SWAG: Embracing the Scientific Wild-Ass Guess
Whether or not you’re a person who makes New Year’s Resolutions, it can be hard to resist the blank slate offered by January 1. The first few weeks of the year feel suited to reflection and planning. (This is especially true if you’re managing a business and your fiscal year happens to correspond with the calendar year.) If you’re taking some time to assess or reassess your priorities and goals right now, this post is for you.
Any time you’re crafting a plan for the future, you’re taking a guess. You’re making a prediction based on the set of information that’s currently available to you. For example, one obvious place this comes up for PatronManager (as a technology company) is in planning the product development roadmap. The team weighs many different factors, evaluating which features are most important or would have the most benefit for clients, and estimating how much work each feature would take to build and deliver. That last part is where the SWAG comes in.
SWAG stands for Scientific Wild-Ass Guess, a term that acknowledges the two key aspects of making this kind of estimation: It should be scientific i.e., based on some form of data or past experience, but it’s also wild, inherently imprecise (unless you have the benefit of a time machine).
When our product team is assessing how many weeks of work it might take to build feature X, it’s impossible to be completely accurate, since there’s always room for unknowns or unforeseen challenges.
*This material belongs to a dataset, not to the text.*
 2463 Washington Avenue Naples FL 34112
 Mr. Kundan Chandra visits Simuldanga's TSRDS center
Instead, the team is aiming for a SWAG. A SWAG is better than a total stab in the dark (that would just be a “WAG”) — it’s an educated guess based on existing information, usually in the form of a rough “spec” document describing the feature and reviewed by the engineering team. That’s the science behind the estimate.
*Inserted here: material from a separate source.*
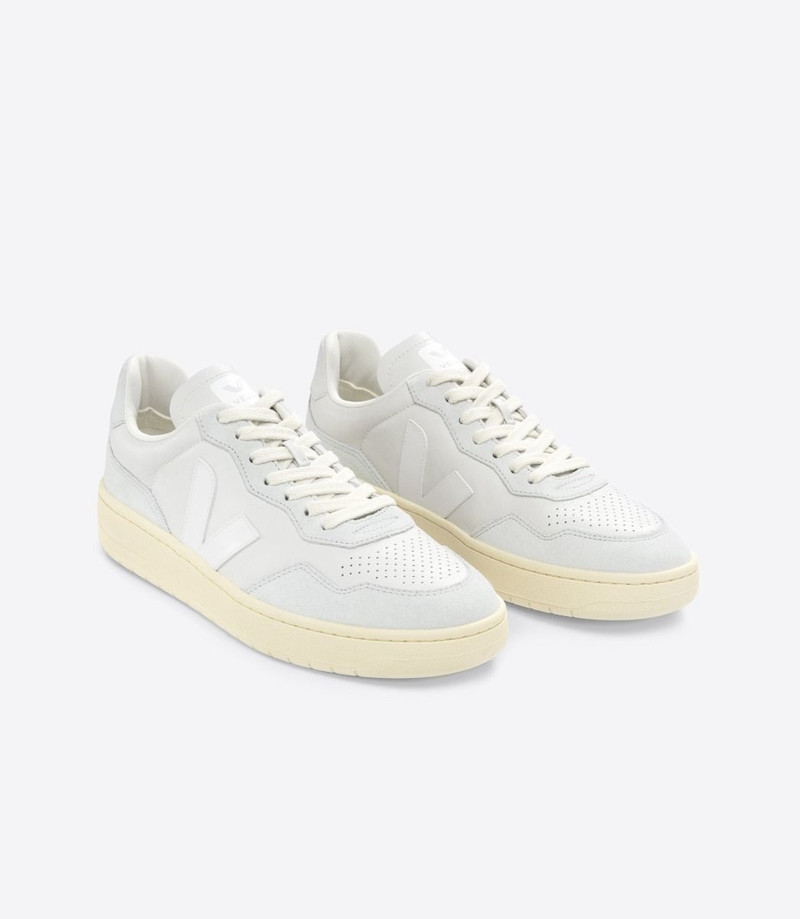 VEJA V-90 LEATHER GRAVEL WHITE outlook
The Wikipedia page for SWAG offers “silly wild-ass guess” as an alternative meaning for the acronym, but I strongly caution you against that interpretation! Embrace some science in your art — if your WAGs feel silly, you’re doing it wrong.
SWAGs are everywhere. You follow this process naturally in many cases. When you’re budgeting for a new fiscal year, you’re making lots of projections about revenue and expenses. Some recurring items have a high degree of certainty, but other items are less predictable. Unless you’re just closing your eyes and typing random numbers in your spreadsheet (not recommended!), you’re using history to drive your future predictions. Now that you know there’s a term for this work, it’s worth formalizing it. What’s the science behind your guessing?